# Work required
Each line of data below is to be returned exactly, leaving out any picture.
******************************
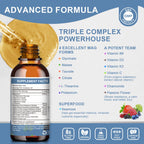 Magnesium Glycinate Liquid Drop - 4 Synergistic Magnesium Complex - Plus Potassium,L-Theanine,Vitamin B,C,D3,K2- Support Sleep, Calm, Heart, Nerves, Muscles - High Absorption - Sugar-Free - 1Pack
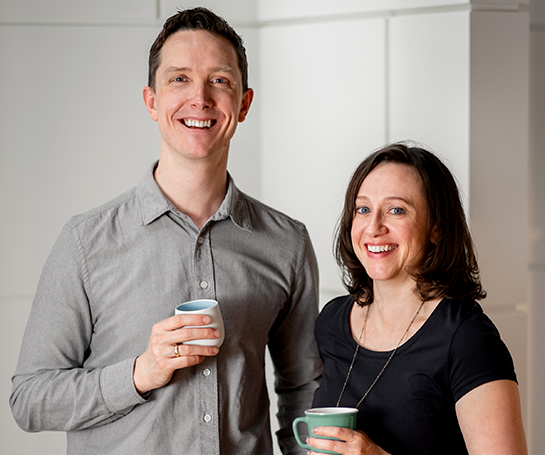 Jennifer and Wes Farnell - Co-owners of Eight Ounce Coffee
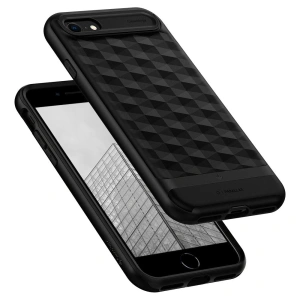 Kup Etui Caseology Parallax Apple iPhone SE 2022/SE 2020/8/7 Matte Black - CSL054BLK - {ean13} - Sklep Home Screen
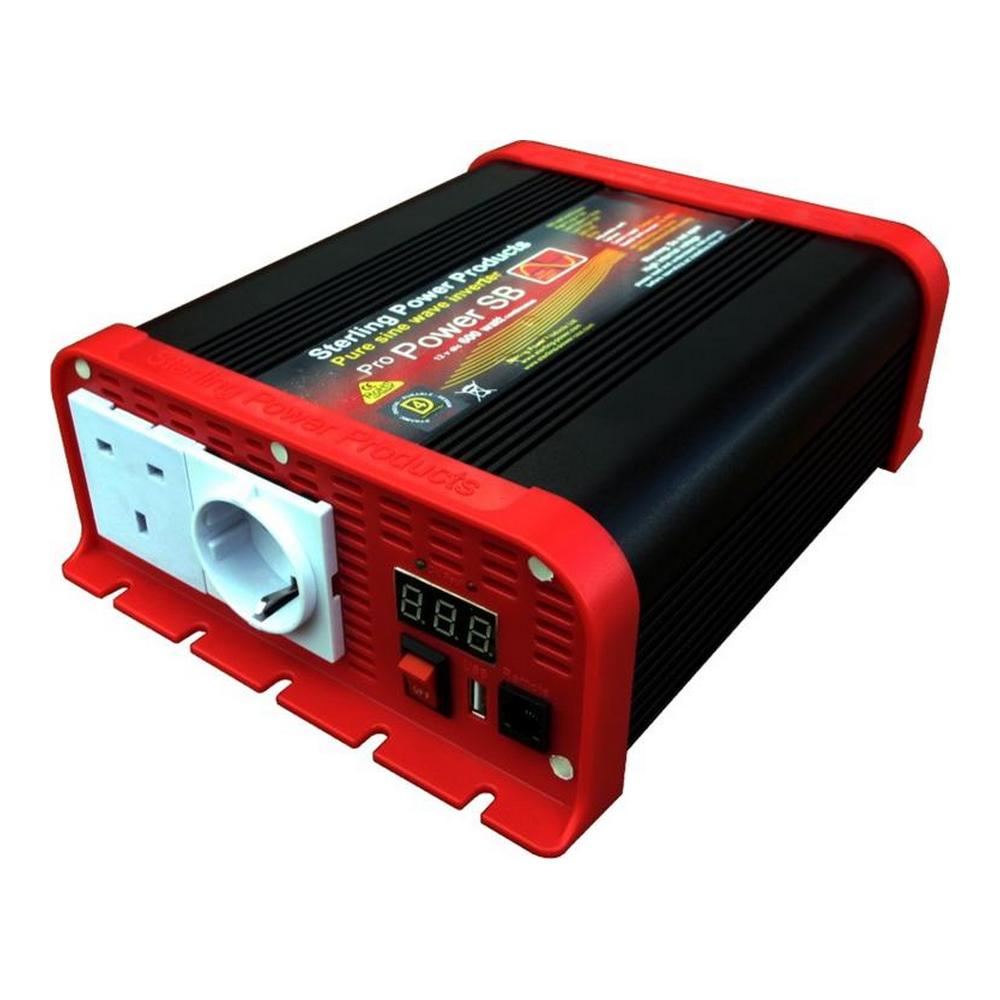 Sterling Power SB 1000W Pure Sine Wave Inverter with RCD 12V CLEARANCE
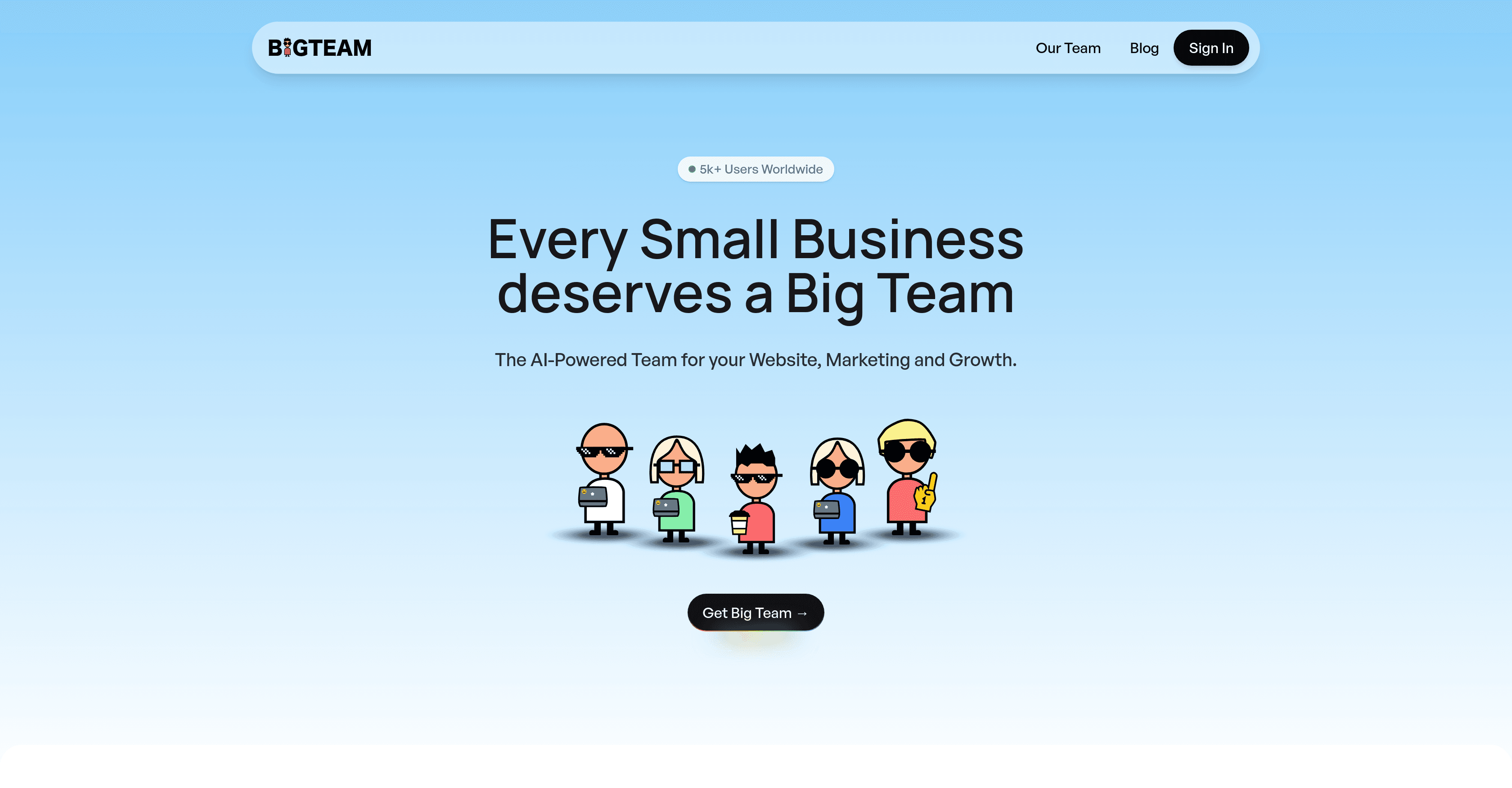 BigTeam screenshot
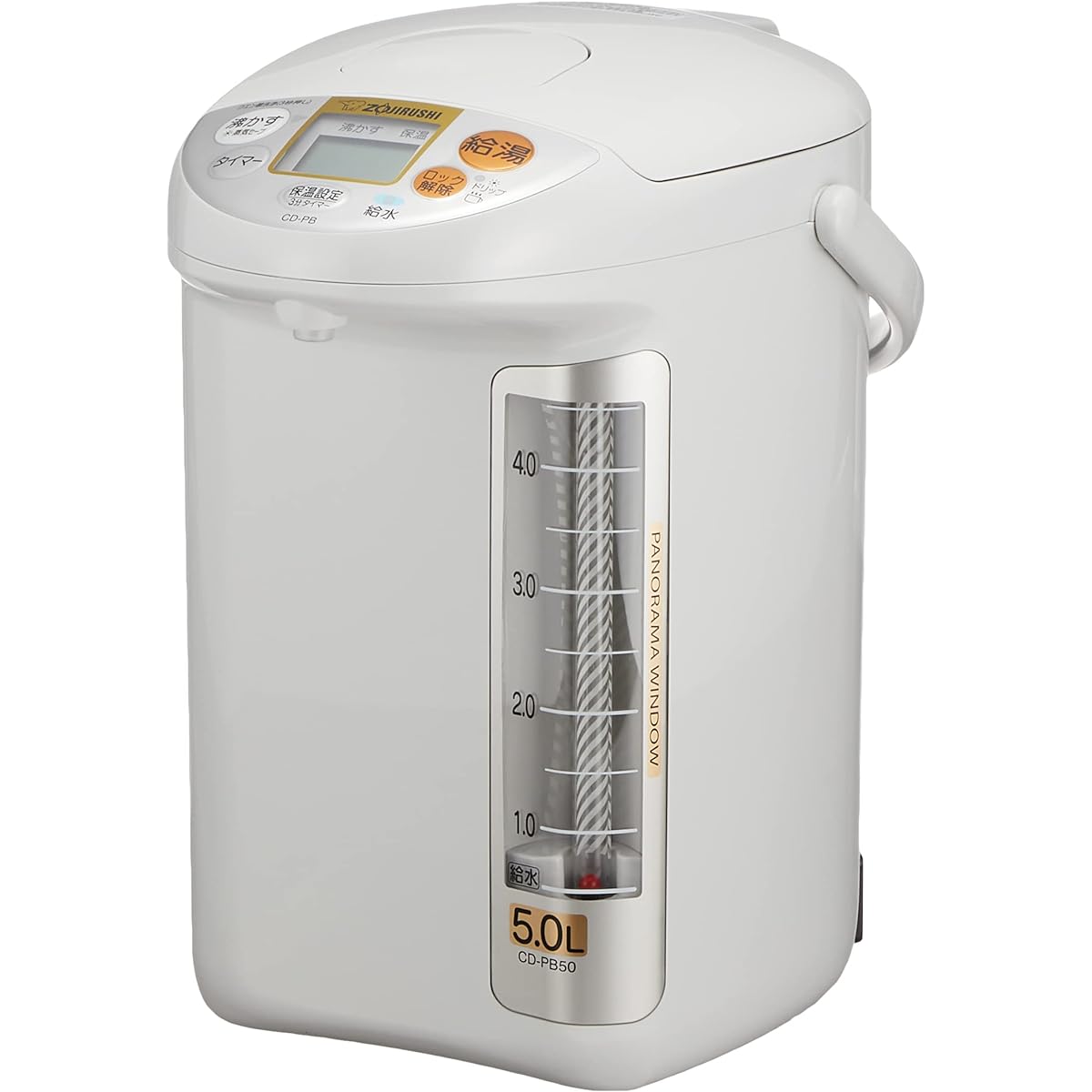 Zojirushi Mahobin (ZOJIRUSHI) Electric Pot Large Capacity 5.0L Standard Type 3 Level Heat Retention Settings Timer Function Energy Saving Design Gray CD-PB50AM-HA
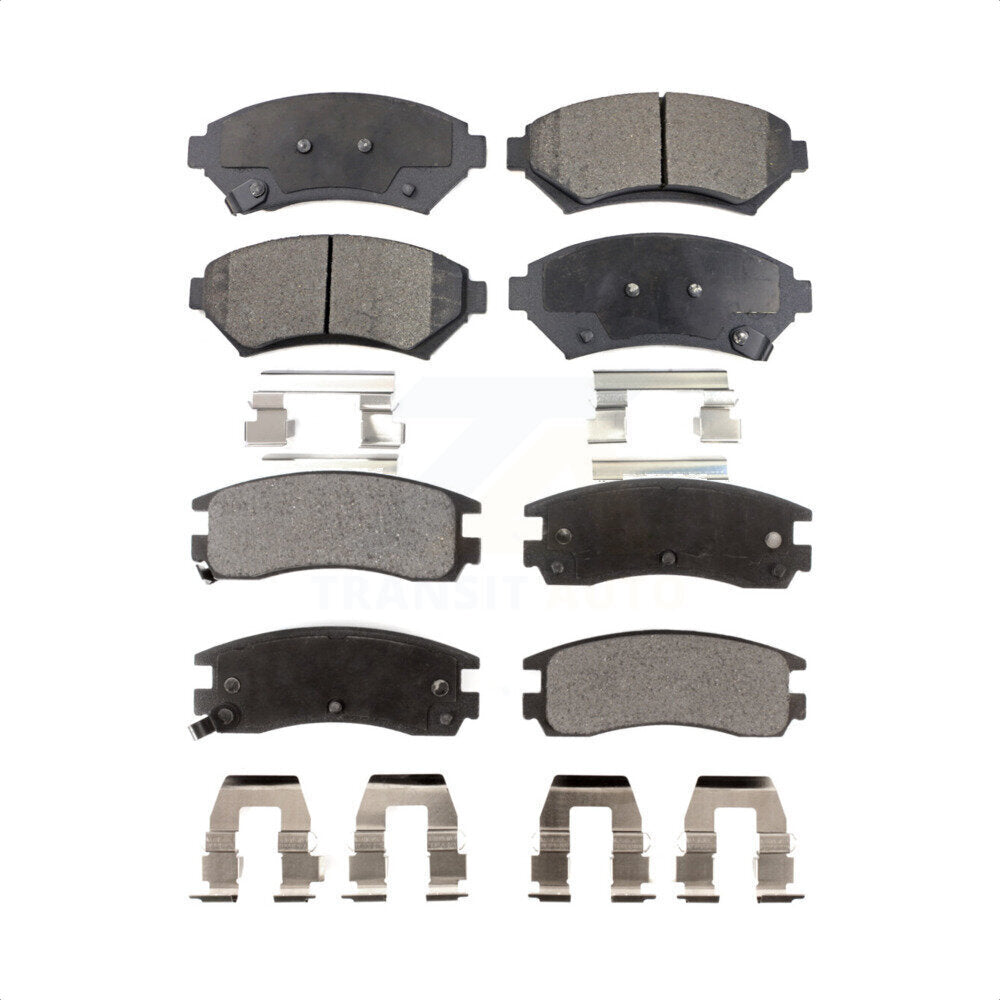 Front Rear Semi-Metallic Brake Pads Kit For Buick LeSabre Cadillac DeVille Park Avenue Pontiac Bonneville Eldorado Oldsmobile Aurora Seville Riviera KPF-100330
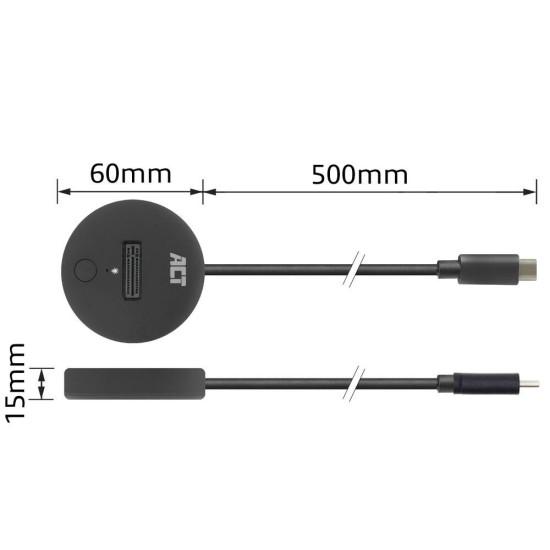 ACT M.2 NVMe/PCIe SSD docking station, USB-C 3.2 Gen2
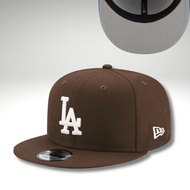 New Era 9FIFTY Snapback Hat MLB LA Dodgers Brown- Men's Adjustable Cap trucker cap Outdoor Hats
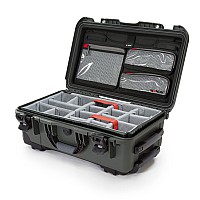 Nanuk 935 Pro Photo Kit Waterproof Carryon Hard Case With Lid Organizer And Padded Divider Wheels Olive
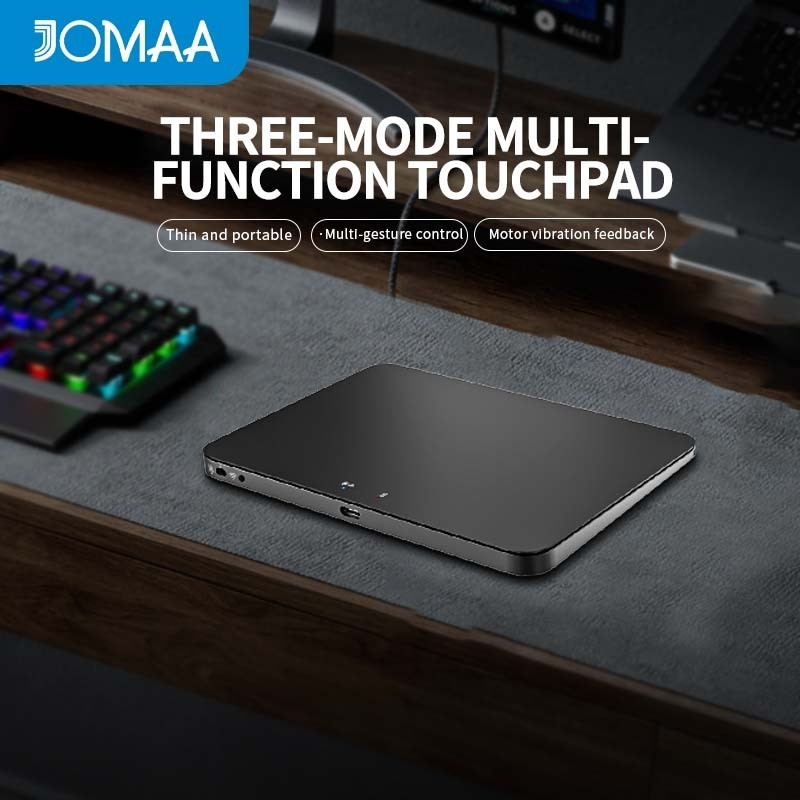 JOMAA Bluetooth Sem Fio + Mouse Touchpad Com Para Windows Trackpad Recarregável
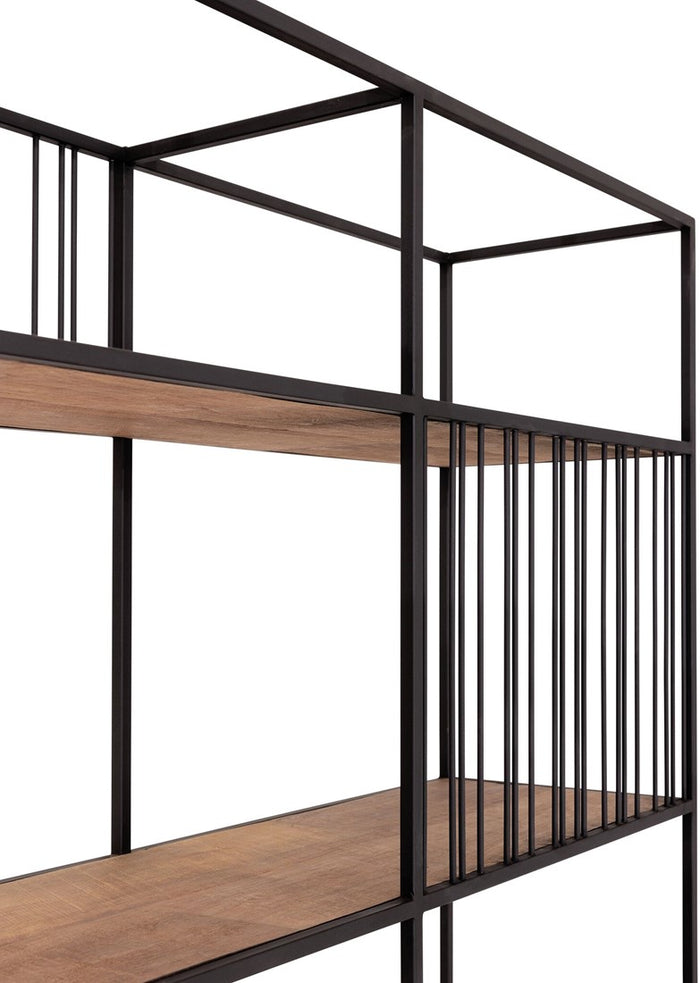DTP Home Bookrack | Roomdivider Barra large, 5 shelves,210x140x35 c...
******************************
# Written solution
 Magnesium Glycinate Liquid Drop - 4 Synergistic Magnesium Complex - Plus Potassium,L-Theanine,Vitamin B,C,D3,K2- Support Sleep, Calm, Heart, Nerves, Muscles - High Absorption - Sugar-Free - 1Pack
 Jennifer and Wes Farnell - Co-owners of Eight Ounce Coffee
 Kup Etui Caseology Parallax Apple iPhone SE 2022/SE 2020/8/7 Matte Black - CSL054BLK - {ean13} - Sklep Home Screen
 Sterling Power SB 1000W Pure Sine Wave Inverter with RCD 12V CLEARANCE
 BigTeam screenshot
 Zojirushi Mahobin (ZOJIRUSHI) Electric Pot Large Capacity 5.0L Standard Type 3 Level Heat Retention Settings Timer Function Energy Saving Design Gray CD-PB50AM-HA
 Front Rear Semi-Metallic Brake Pads Kit For Buick LeSabre Cadillac DeVille Park Avenue Pontiac Bonneville Eldorado Oldsmobile Aurora Seville Riviera KPF-100330
 ACT M.2 NVMe/PCIe SSD docking station, USB-C 3.2 Gen2
 New Era 9FIFTY Snapback Hat MLB LA Dodgers Brown- Men's Adjustable Cap trucker cap Outdoor Hats
 Nanuk 935 Pro Photo Kit Waterproof Carryon Hard Case With Lid Organizer And Padded Divider Wheels Olive
 JOMAA Bluetooth Sem Fio + Mouse Touchpad Com Para Windows Trackpad Recarregável
DTP Home Bookrack | Roomdivider Barra large, 5 shelves,210x140x35 c...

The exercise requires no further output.